For clustering regions, the k-medoids method was applied with Bregman divergence as a distance type. To select the number of clusters k, the Davies–Bouldin Index was used. The Davies–Bouldin criterion was calculated for each number of clusters k = 1, …, 10 (Table 3).
The plot (Figure 4) shows that the lowest resulting Davies–Bouldin value occurred at k = 3, thus suggesting that the optimal number of clusters was three.
As a result of applying the cluster model for k = 3, the plot (Figure 3) shows that the lowest resulting Davies–Bouldin value occurred at k = 3, thus suggesting that the optimal number of clusters was three.
There was division of regions into three clusters in accordance with the given model. The description of the of cluster analysis result is presented in Table 4.
Table 5 shows the characteristics of cluster medoids for the obtained cluster model for the normalized data. In terms of intramural R & D costs, cluster 2 represents an abnormal object. The essential purpose of the preliminary data processing was the selection of abnormal objects. It was necessary to reject outliers that did not fit into the data structure. The results of the preliminary data processing using the cluster analysis allowed us to identify Moscow as an abnormal sample object (cluster 2), which was quite consistent with the expert assessment.
An important step in the visualization of clustering results was the formation of scatter plots and histograms, where the diagonal cells are the distribution plot and others elements correspond to scatter plots for a different pairs of attributes with color coding in accordance to cluster labels (Figure 5). This allowed us to check whether outliers were falling inside cluster influence areas and to detect which clusters were distant to one another. There was no significant correlation between attributes.
A visualization of the cluster analysis results demonstrates the obtained data structure (Figure 6).
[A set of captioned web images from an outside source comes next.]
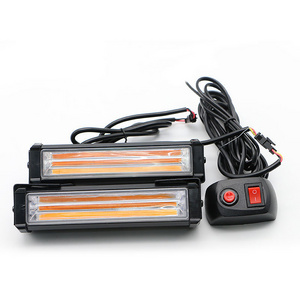 Vcan Auto Accessories 12V 24V Strobe Work Light COB Emergency Vehicle Light Bar Signal Security Car LED Strobe Warning Light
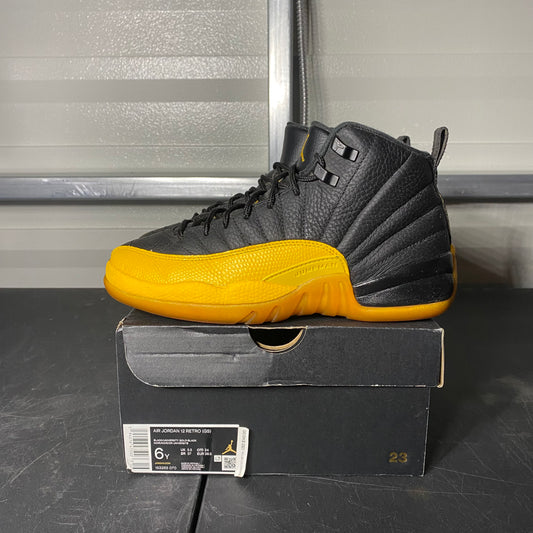 Size 6Y - AJ 12 Retro University Gold
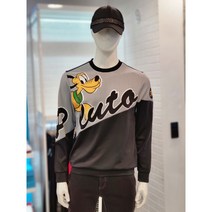 디즈니골프 남성 간절기 기능성 골프 시보리 캐릭터 라운드 티셔츠 DL3MTR008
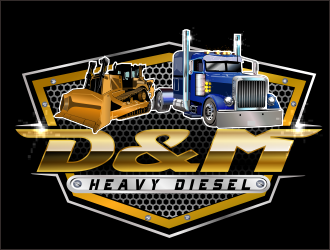 D&M Heavy Diesel logo design by bosbejo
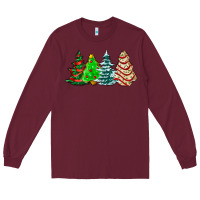 Burgundy Christmas tree cakes and Christmas trees  ado Long Sleeve Tee - AdoDesignShop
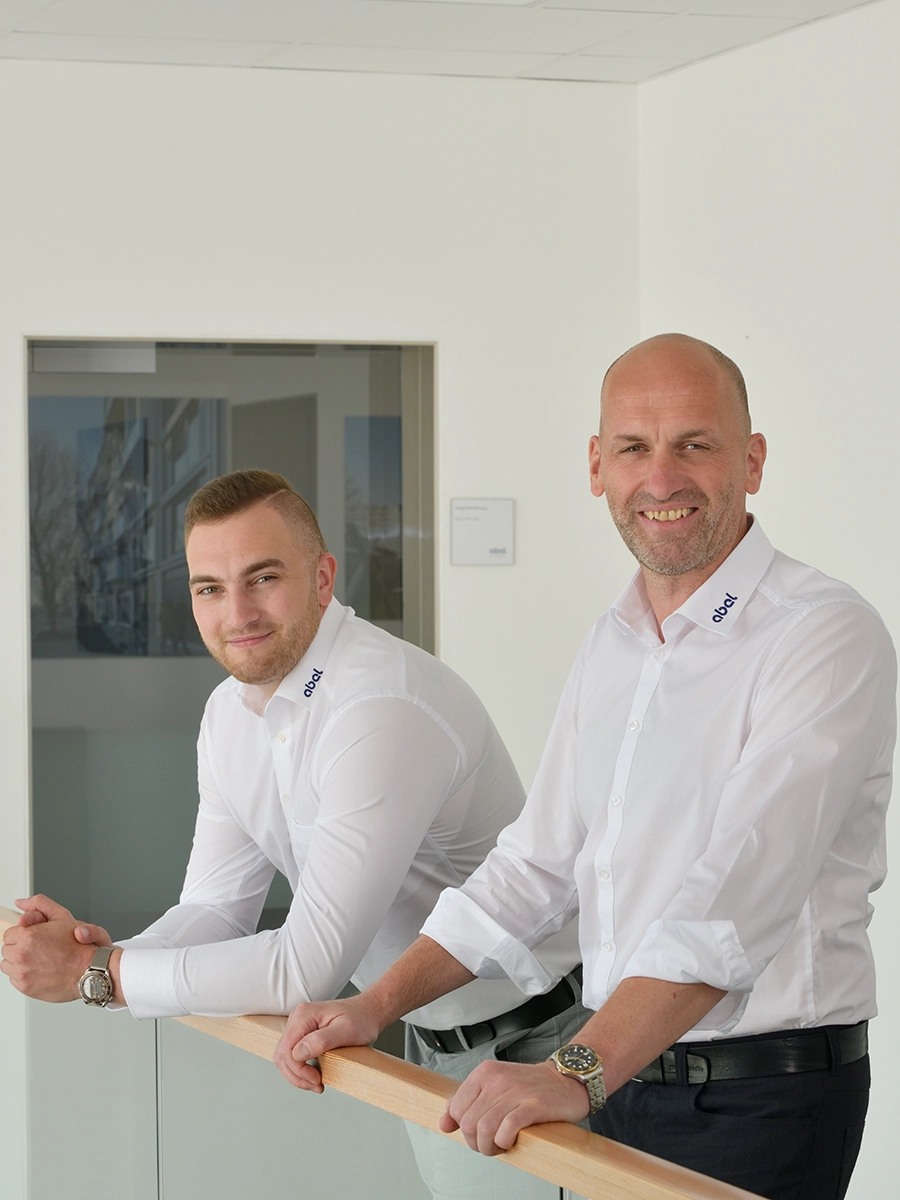 Klaus Peter Abel und Alexander Abel Geschäftsführer von Abel Metallsysteme 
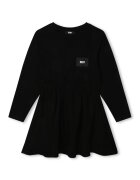 DKNY Рокля с памук и разкроен подгъв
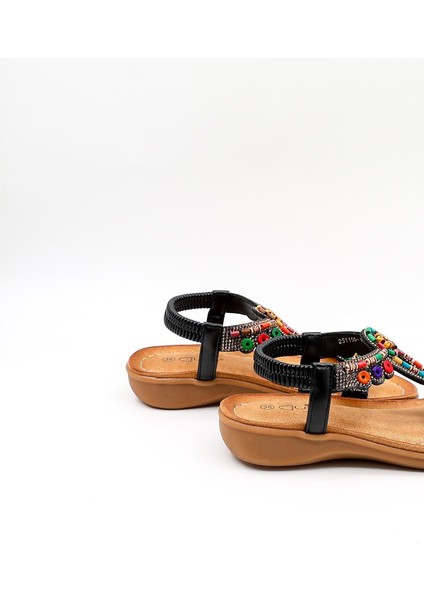 Günlük Kadın Sandalet GJ1501 By Siyah fırsatları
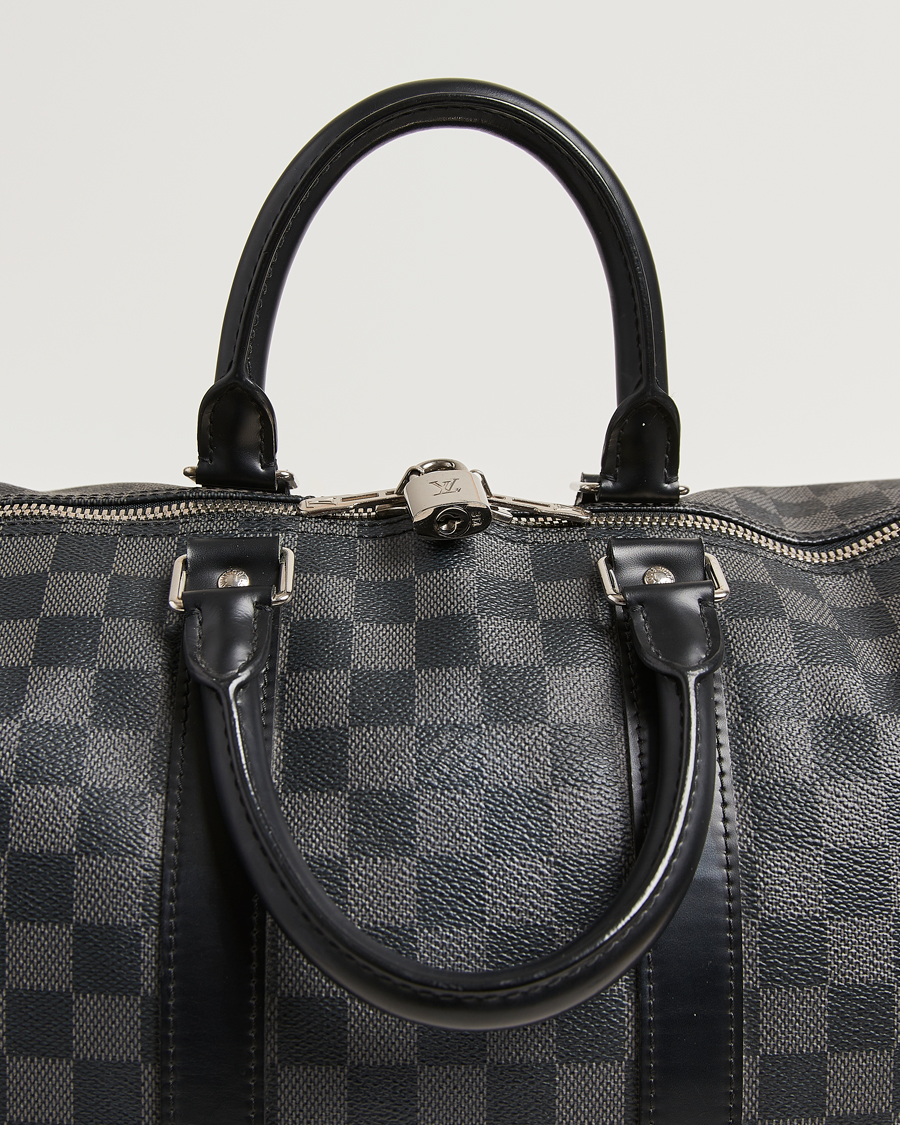 Mies | Pre-Owned & Vintage Bags | Louis Vuitton Pre-Owned | Keepall Bandouliére 45 Damier Graphite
A bar plot indicates a difference between the cluster’s mean in such normalized model variables as hi-tech share in GRP, investment share in fixed assets, and intramural R & D costs.
As a result of preliminary data analysis by cluster analysis methods, it was proposed to use only a part of the regions for a comparative assessment of technical efficiency. The regions belonging to cluster 0 and cluster 2 are economic objects that are more developed in terms of innovative potential. The regions forming cluster 1 with regard to selected indicators are much less successful in terms of innovative development. It should be noted that in most cluster 1 regions, the indicators that were proposed to be used in DEA models were close to the minimum values. Thus, to assess the innovative development dynamics in these regions, it was further proposed to use 31 regions belonging to clusters 0 and 2.
As a result, 31 out of 80 regions were selected for subsequent analysis; a number of regions were excluded from the analysis due to incomparably polarized indicators or a lack of statistical data. Finally, this allowed us to distinguish two groups of regions—underdeveloped regions and leading regions—in accordance with the level of their innovative development.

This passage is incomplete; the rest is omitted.